■ **EXERCISE OBJECTIVE**
The listing below is to be duplicated exactly, with every picture omitted.

*** SUPPLIED DATA ***

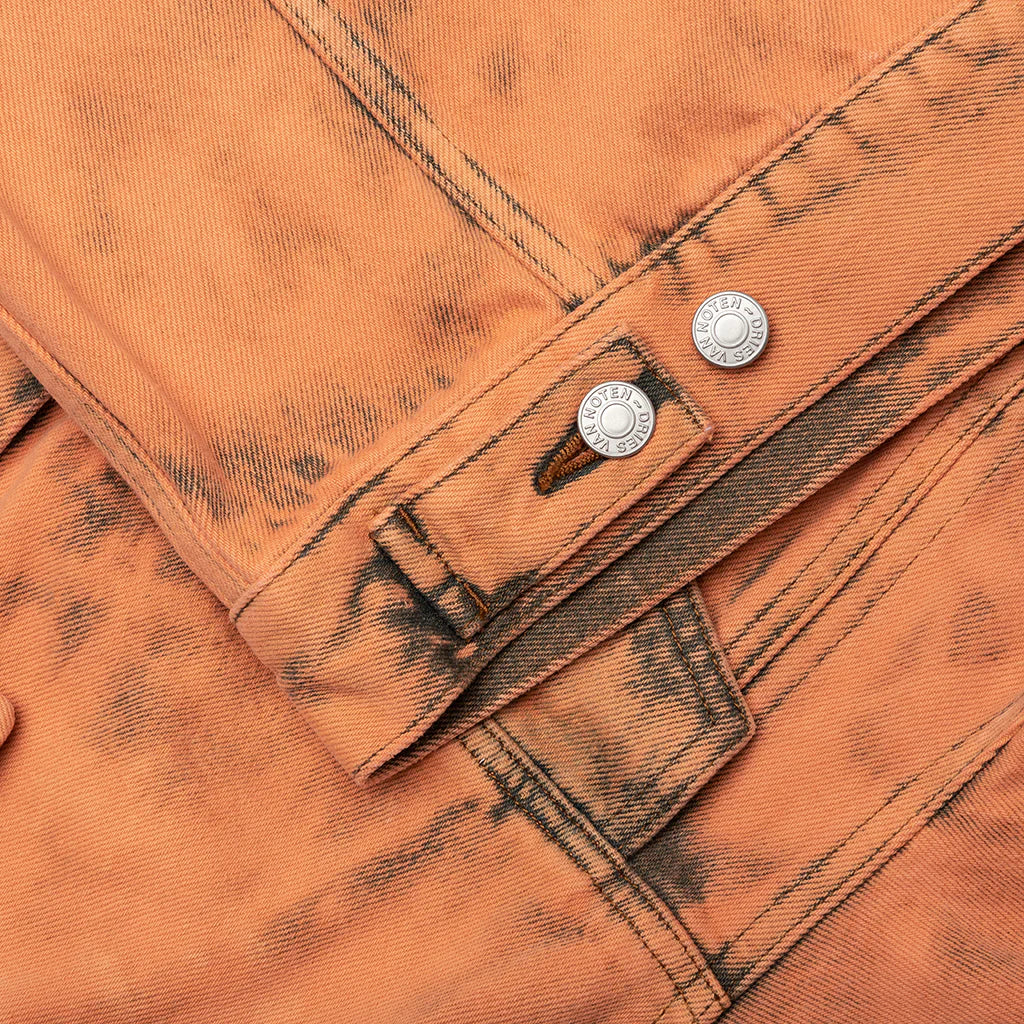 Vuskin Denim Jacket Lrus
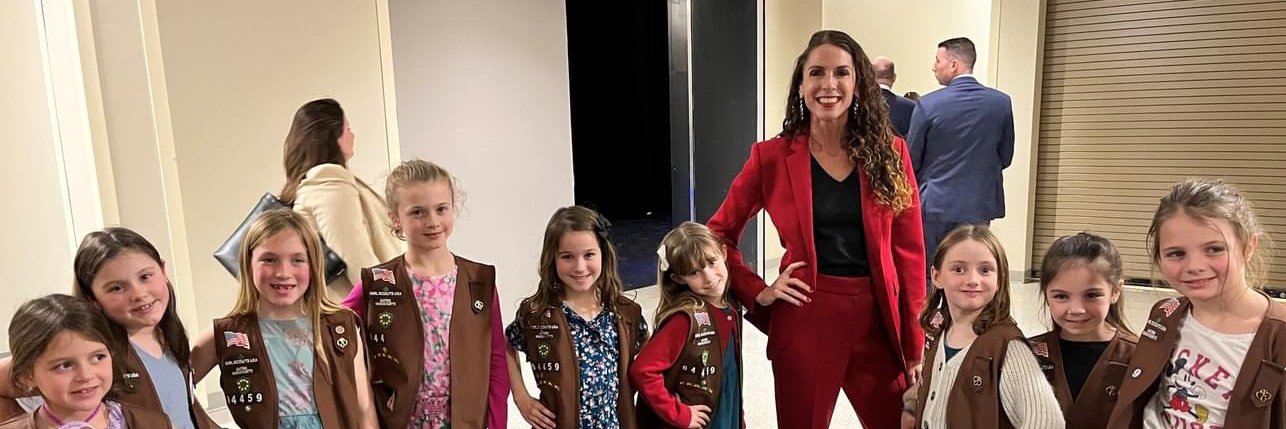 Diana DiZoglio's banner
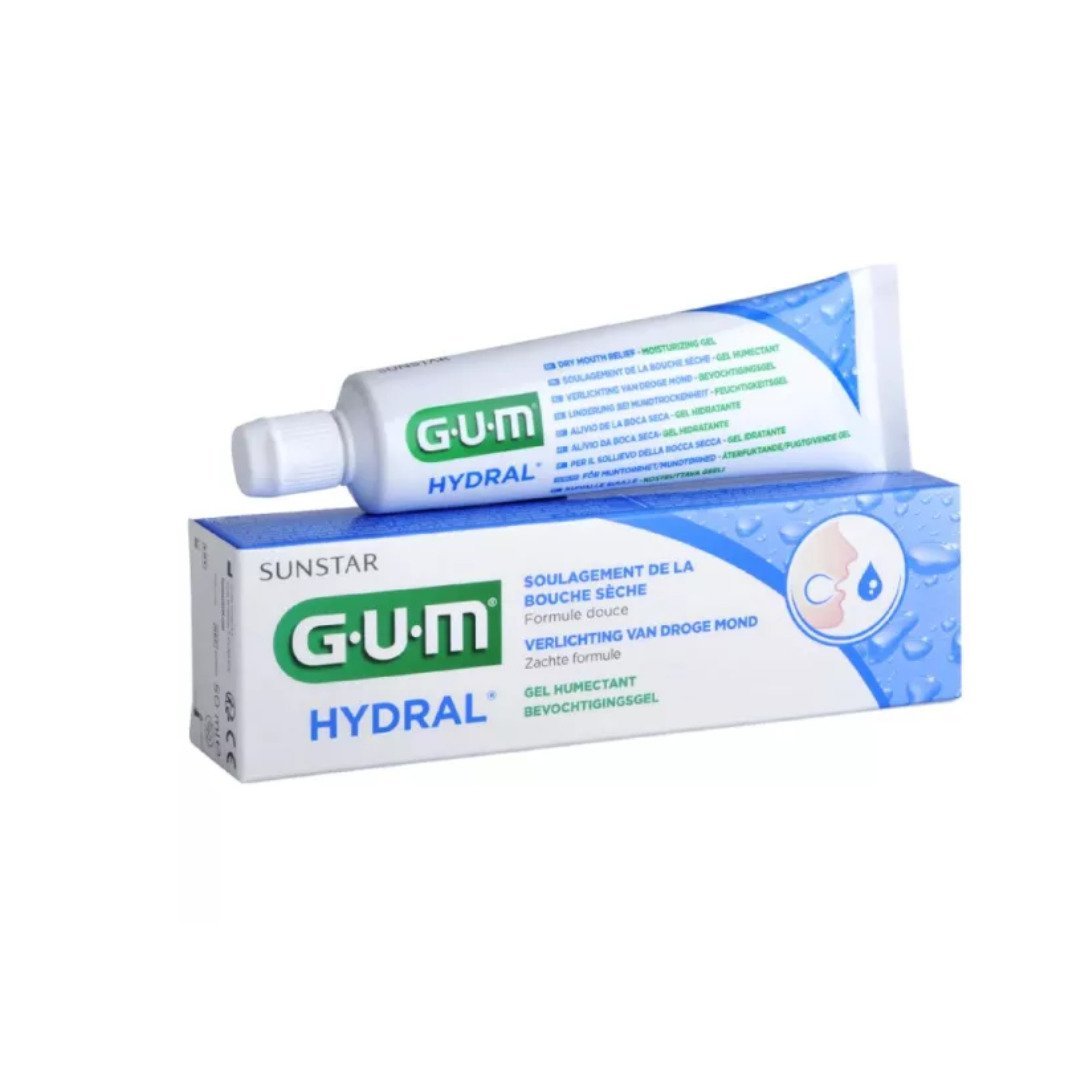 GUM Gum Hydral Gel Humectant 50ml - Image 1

*** End of SUPPLIED DATA ***

■ **WORKED SOLUTION**
 Vuskin Denim Jacket Lrus
 Diana DiZoglio's banner
 GUM Gum Hydral Gel Humectant 50ml - Image 1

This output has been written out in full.